45. The stated additional information is provided by the Ministry of Justice of the Republic of Italy.
46. Counsel on behalf of the respondent submitted that, as the additional information did not come from an issuing judicial authority, less weight was to be attached to same. While I accept that the information furnished does not come directly from the issuing judicial authority, I am nevertheless satisfied to attach significant weight to same coming as it does from an emanation of the Italian State with responsibility for the criminal justice system in that jurisdiction. I am satisfied that there is no basis for doubting the knowledge, competence or bona fides of the Italian authorities in providing the said information.
47. Having considered all of the information before the Court, I am not satisfied that there are substantial reasons for believing that, if surrendered, the respondent faces a real risk of a breach of his fundamental rights due to prison conditions in the issuing state.
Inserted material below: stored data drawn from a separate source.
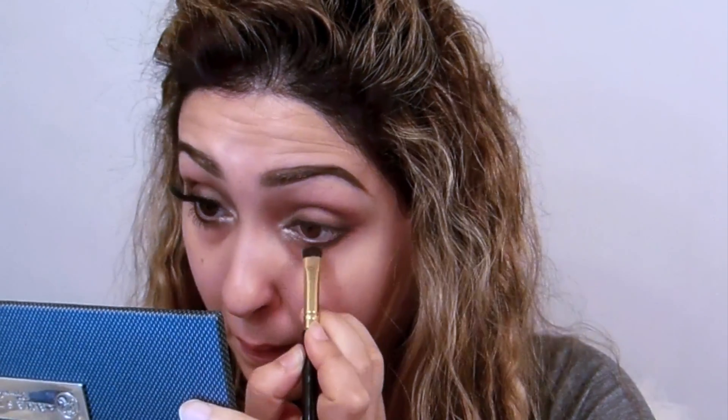Then take the same angle brush and use it on the lower lid — this is optional. I personally don't always like doing this because it makes my eyes look smaller, but people who have nice big eyes can go for it and it looks amazing. Use the same technique: apply light brown and blend it out well.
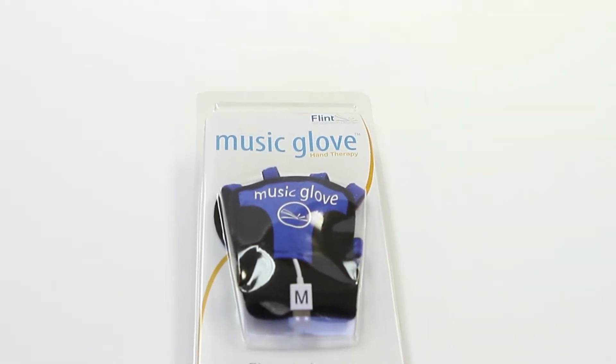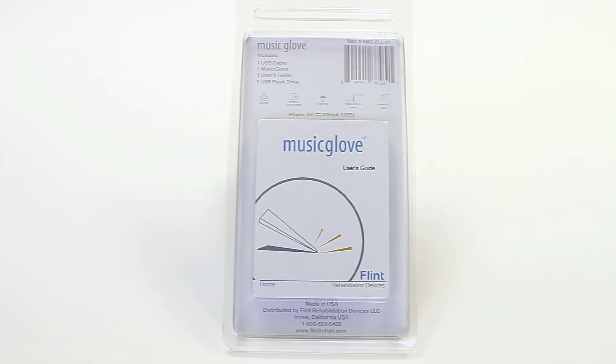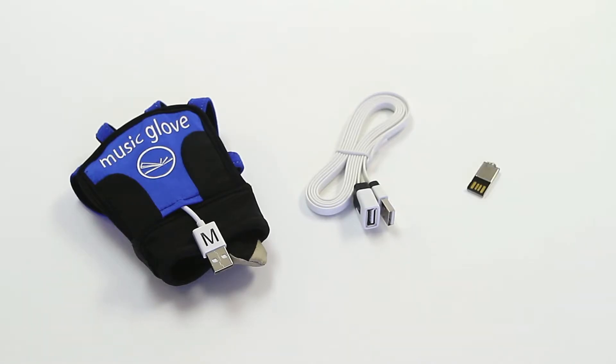To get started, open the MusicGlove box and remove all the contents. Here you will find the user's manual, MusicGlove, and USB flash drive.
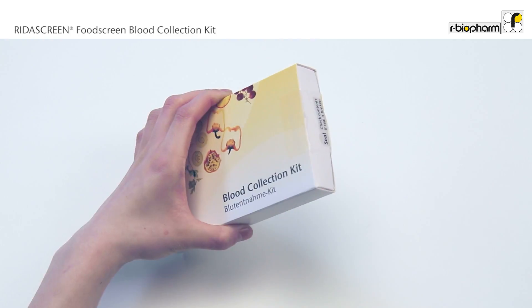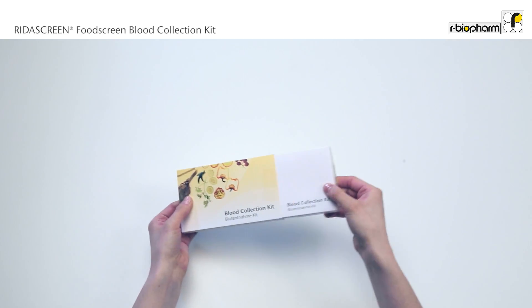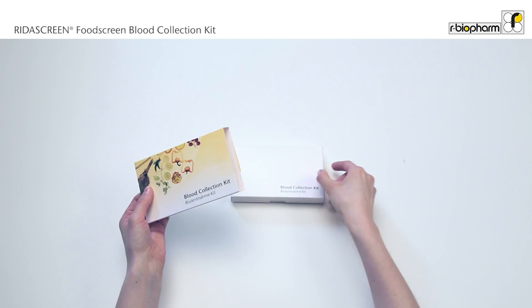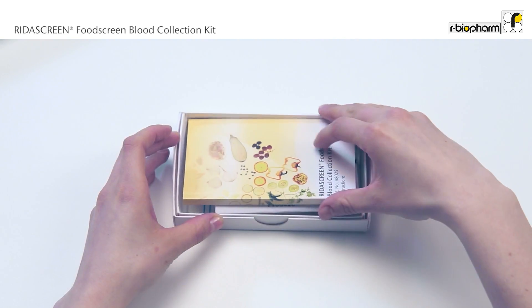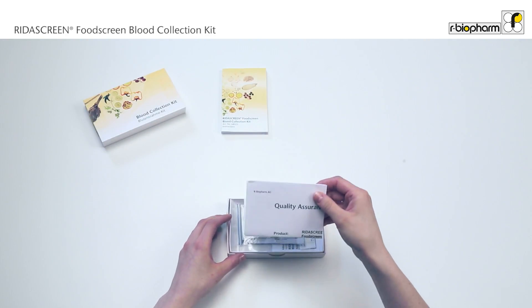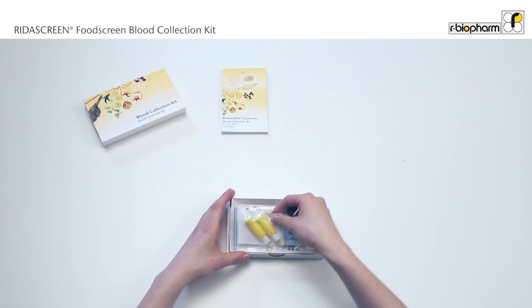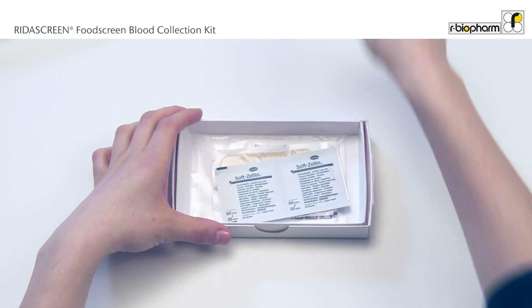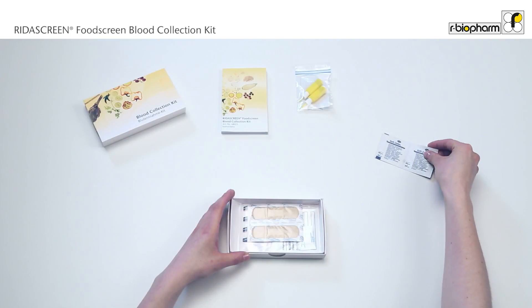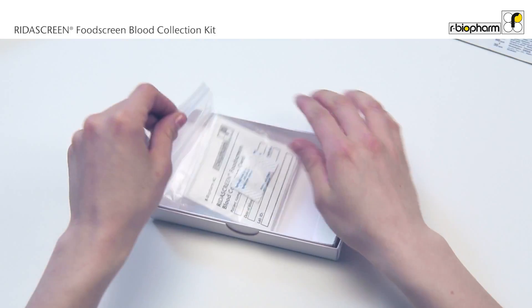Open the kit and check the contents. Please note the outer packaging of the kit might look different. The following items are included: instructions for use, certificate, sterile lancets, sterile alcohol swabs, sterile bandages, reader screen, food screen.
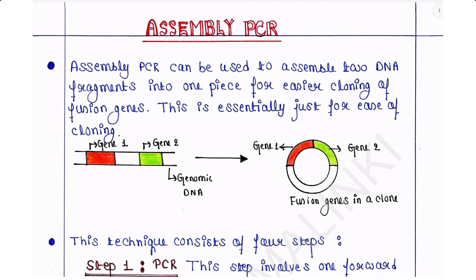Hey guys, this is Malinki. Welcome back to my channel, Voice of Malinki. Today we will discuss about Assembly PCR. And if you are new to my channel, please subscribe. If you like my video, please do like, comment, and share.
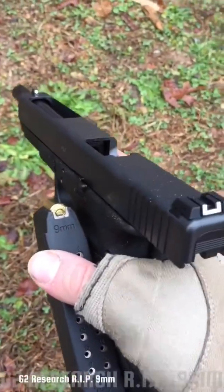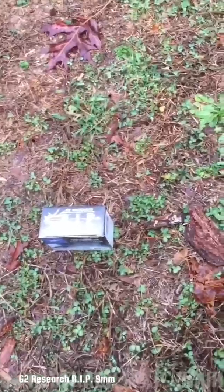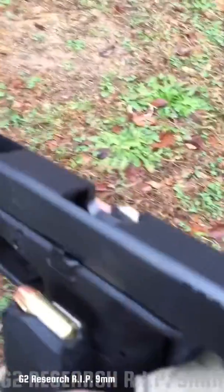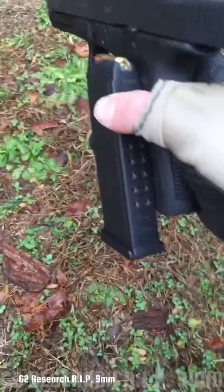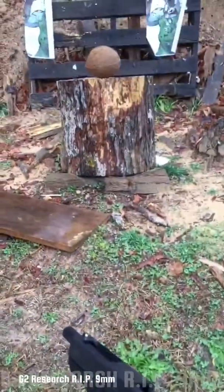I thought I'd just make a quick video for today. I'm doing a test on G2 Research's RIP ammo in 9mm. I'm using a Glock 17 long slide. It's nothing special, just a coconut. Let's see what it'll do to it.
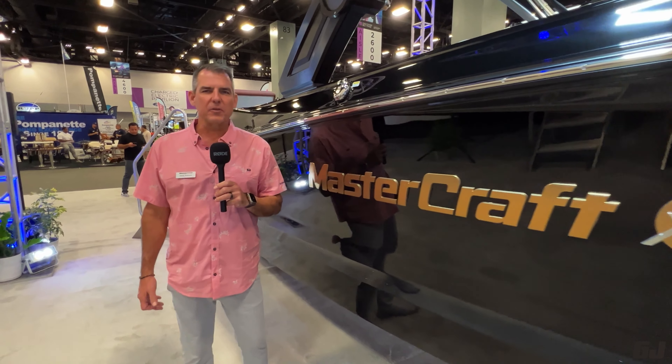What's up, Gear Junkie? I'm Chris from Mastercraft. I run the Northwest U.S. and Western Canada, and we're here to talk about inboard boats today and what really makes a wakeboat.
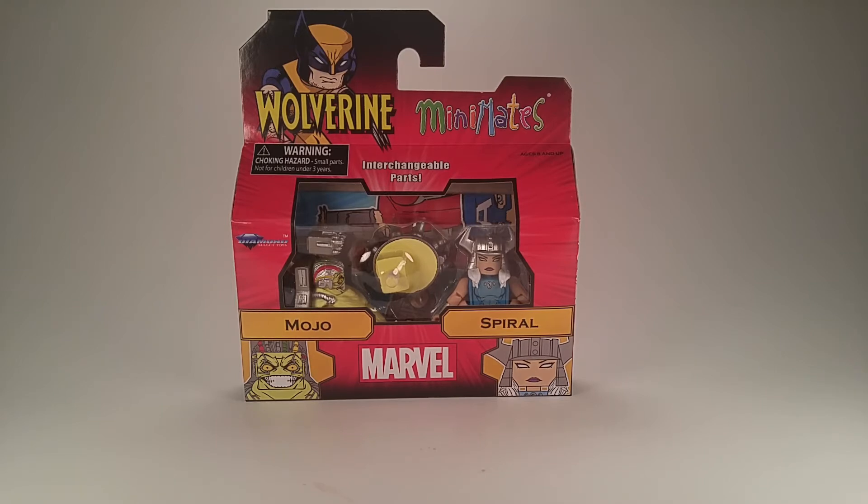Anyway, this set is Mojo and Spiral — they are X-Men, mostly X-Men villains, not specifically just Wolverine. They're kind of, especially Mojo, just the weirdest X-Men villains out there. He's not exactly my favorite, but I do want a Minimate version of every single Marvel character there is. These two I didn't think would ever be made, so it was a nice surprise — an amazing choice by DST. I'm so happy that they made them.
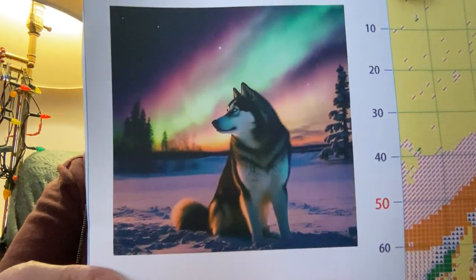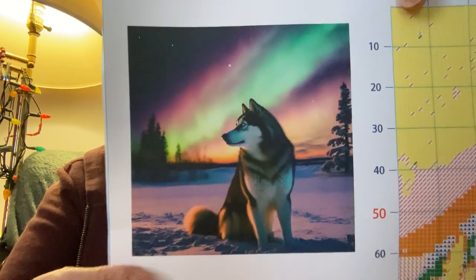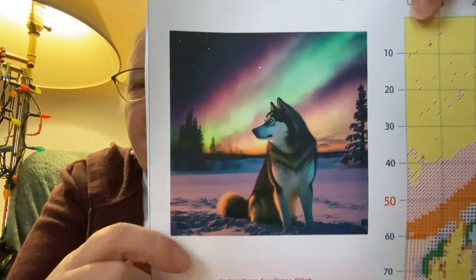So the first one — this one is a 40 by 40. It's an 11 count and it's really just beautiful. Look at that. It's called Aurora. Isn't that beautiful? Like the husky looks so alive and the northern lights. Now, if you've never seen the northern lights, oh my gosh, you're missing something. Perhaps you're in the south and you're seeing the southern lights. But these are amazing to see.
Section 4A of the Act of 2003 provides that it shall be presumed that an issuing state will comply with the requirements of the Framework Decision unless the contrary is shown. The Framework Decision incorporates respect for fundamental rights. I am satisfied that the presumption contained in s. 4A of the Act of 2003 has not been rebutted. Bearing in mind the wording of s. 37 of the Act of 2003, this Court has to determine whether surrender of the respondent would be incompatible with the State’s obligations under the ECHR, the protocols thereto, or would contravene a provision of the Constitution. I am satisfied that surrender would not be incompatible with the State’s obligations in that regard and nor would it contravene any provision of the Constitution.
48. I dismiss the respondent’s objections to surrender based upon s. 37 of the Act of 2003.
49. I am satisfied that surrender of the respondent is not precluded by reason of Part 3 of the Act of 2003 or any other provision of that Act.
50. Having dismissed the respondent’s objections to surrender, it follows that this Court will make an order pursuant to s. 16 of the Act of 2003 for the surrender of the respondent to Italy.
Result: The respondent contested his surrender on the basis that:- (a) it was not clear who had issued the European arrest warrant, and whether the authority is to be considered an issuing judicial authority; (b) sufficient clarity, as required by section 11 of the European Arrest Warrant Act, 2003, was not provided in the warrant; (c) correspondence did not exist between the alleged offences in the the requesting state and offences in this jurisdiction (this was not pursued at hearing); (d) section 45 precludes surrender as the respondent was convicted in absentia; (e) surrender is precluded by a failure to comply with Article 10(4) of Directive 2013/48/EU of the European Parliament and of the Council of 22 October 2013; and (f) surrender is precluded by section 37 of the Act, as the respondent’s fundamental rights would be infringed by prison conditions in the requesting state.